Assignment: Once the line containing "31711 Wild Meadow Drive - Photo Thumbnail 23" is reached in the listing below, reproduce it and all later lines through the final one exactly, but omit any pictures.

Dataset records:
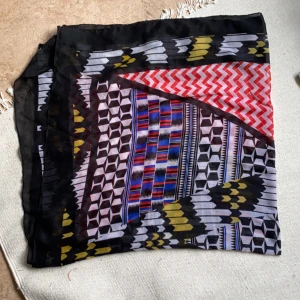 Stor Scarf Elsa Ekman Pour Bikbok - Oanvänd scarf från bikboks samarbete med Elsa Ekman. Den är ca 140 x 140 cm, kanske lite större. Köparen står för frakten. Mini hål nära lappen, enkelt att laga.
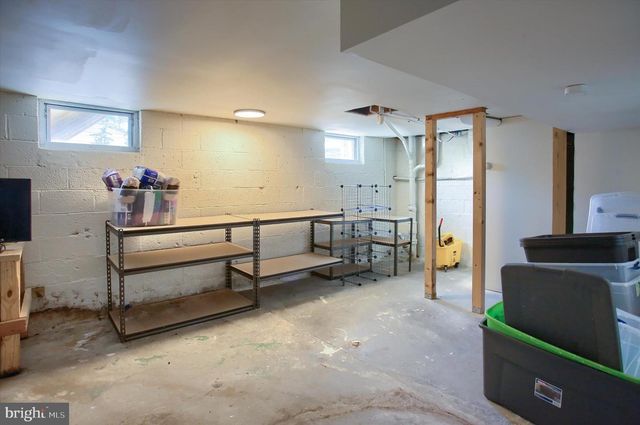 6 S 15TH ST, Camp Hill, PA 17011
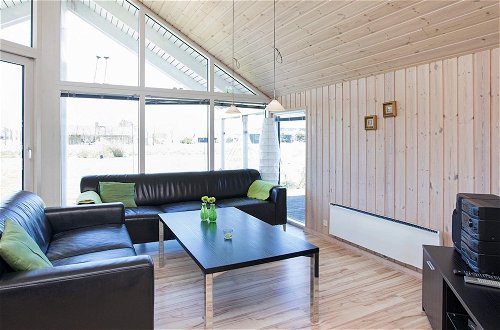 Photo 10 - 12 Person Holiday Home in Idestrup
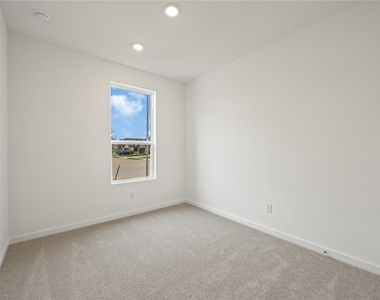 31711 Wild Meadow Drive - Photo Thumbnail 23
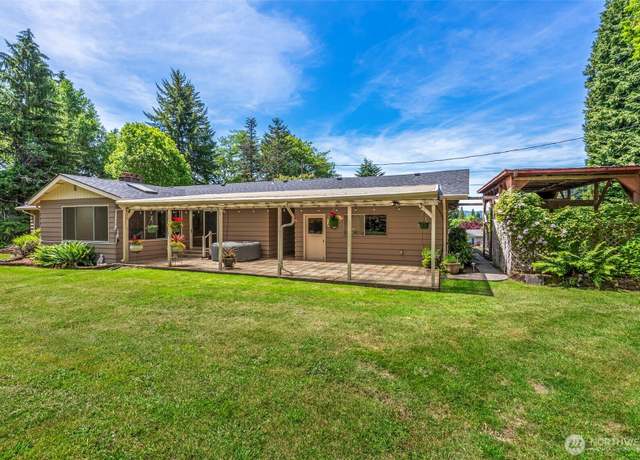 Property at 309 E State Route 4, Cathlamet, WA 98612, 4 beds, 2.5 baths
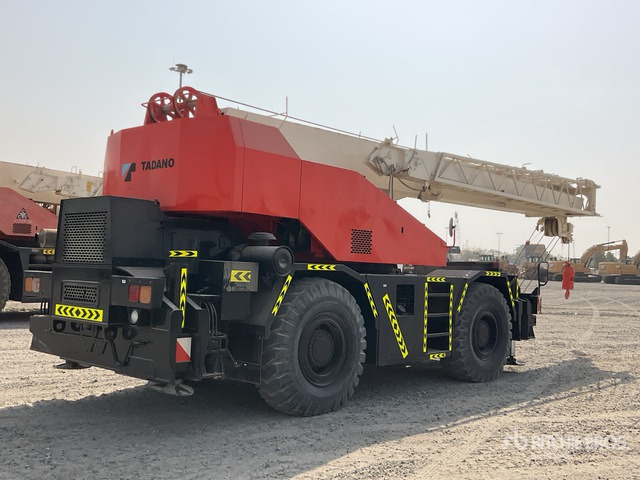 2002 Tadano TR300EX 30 ton 4x4x4 Rough Terrain Crane - Grua de estaleiro: foto 4 2002 Tadano TR300EX 30 ton 4x4x4 Rough Terrain Crane - Grua de estaleiro: foto 4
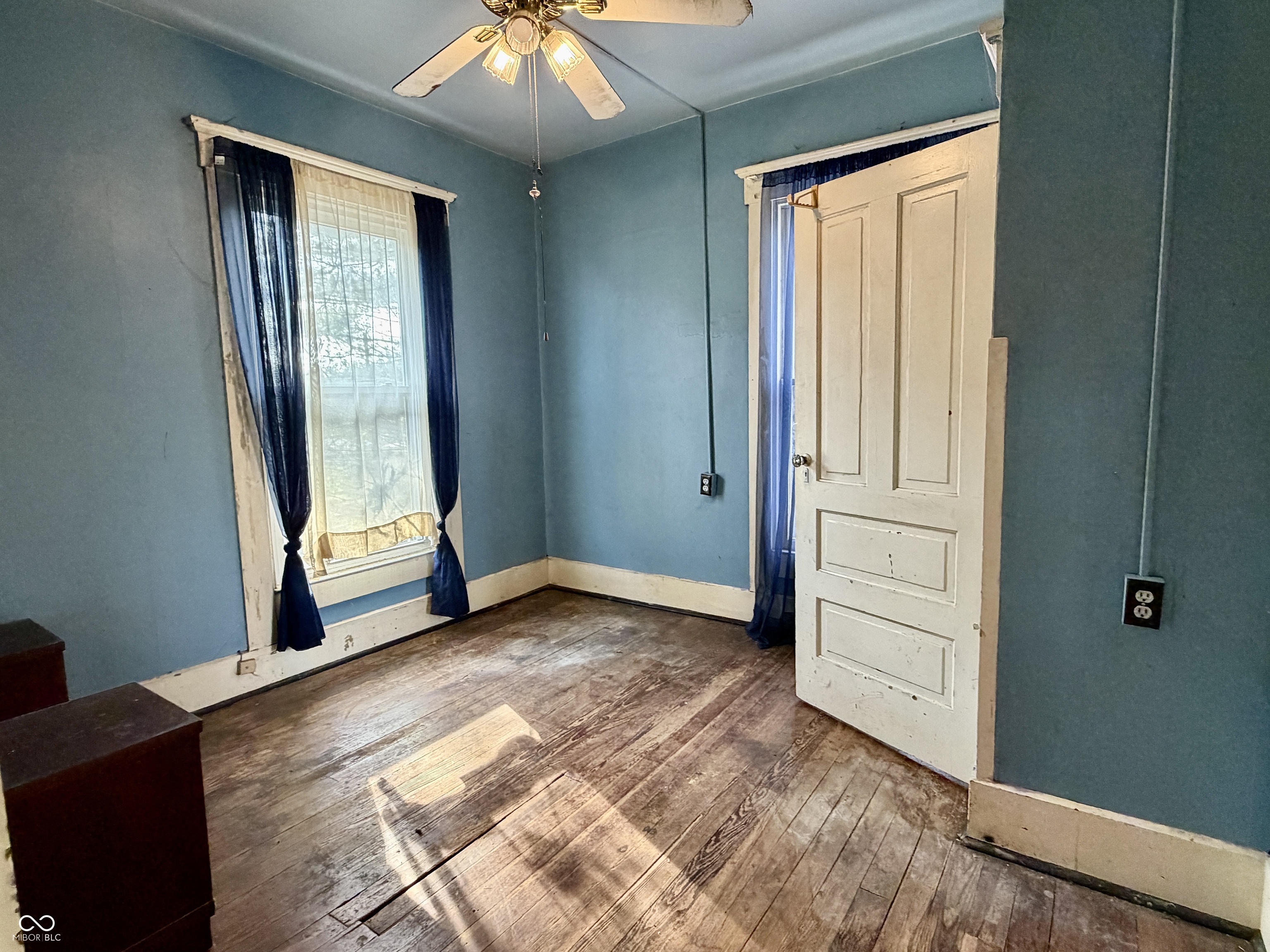 1121 N Newman Street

Answer box:
 31711 Wild Meadow Drive - Photo Thumbnail 23
 Property at 309 E State Route 4, Cathlamet, WA 98612, 4 beds, 2.5 baths
 2002 Tadano TR300EX 30 ton 4x4x4 Rough Terrain Crane - Grua de estaleiro: foto 4 2002 Tadano TR300EX 30 ton 4x4x4 Rough Terrain Crane - Grua de estaleiro: foto 4
 1121 N Newman Street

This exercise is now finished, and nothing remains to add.